President Obama's speech to a joint session of Congress tomorrow night -- I'll be staying late and live-blogging for Orange Punch -- is an admission of near-defeat. It's not a matter of a poor message but of a growing recognition that there's just no way to extend health insurance coverage to 47 million more people and reduce the overall cost. Ordinarily, when government gets involved in something it doesn't bring costs down but increases them, and that's the way it's been with health care since Medicare was passed in 1965. The more government involvement the higher the costs. So in a recession we want to commit to another trillion (over 10 years) that will undoubtedly turn out to be a lowball figure? A lot of Americans just aren't buying it.

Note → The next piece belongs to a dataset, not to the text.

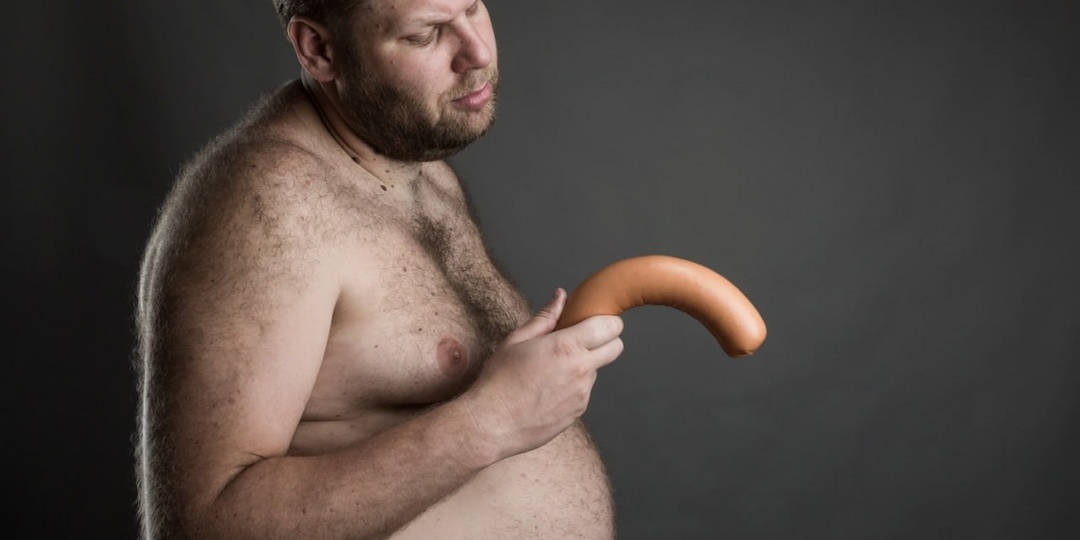 Эти 7 продуктов повысят потенцию,влечение и уверенность вашего мужчины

To complicate matters for The One, various government entities keep coming up with quasi-realistic cost estimates that give the lie to the preposterous notion that more government will mean less cost. As this Register editorial explains, the Congressional Budget Office determined that electromic record-keeping, while not necessarily a bad idea, wouldn't save an appreciable amount of money. And now a group studying preventive care for diabetics has determined that while (again) it's not a bad idea at all, it will cost more money over 10 years, and the only patients for whom a lifetime saving can be predicted are those diagnosed between ages 24-30, and only after about 25 years.
The core problem is third-party payment, which means consumers have no incentive to look for better, lower-cost care or procedures. I know it goes against the grain, but the best approach is to re-establish the tie between paying for medical services and the consumer of services.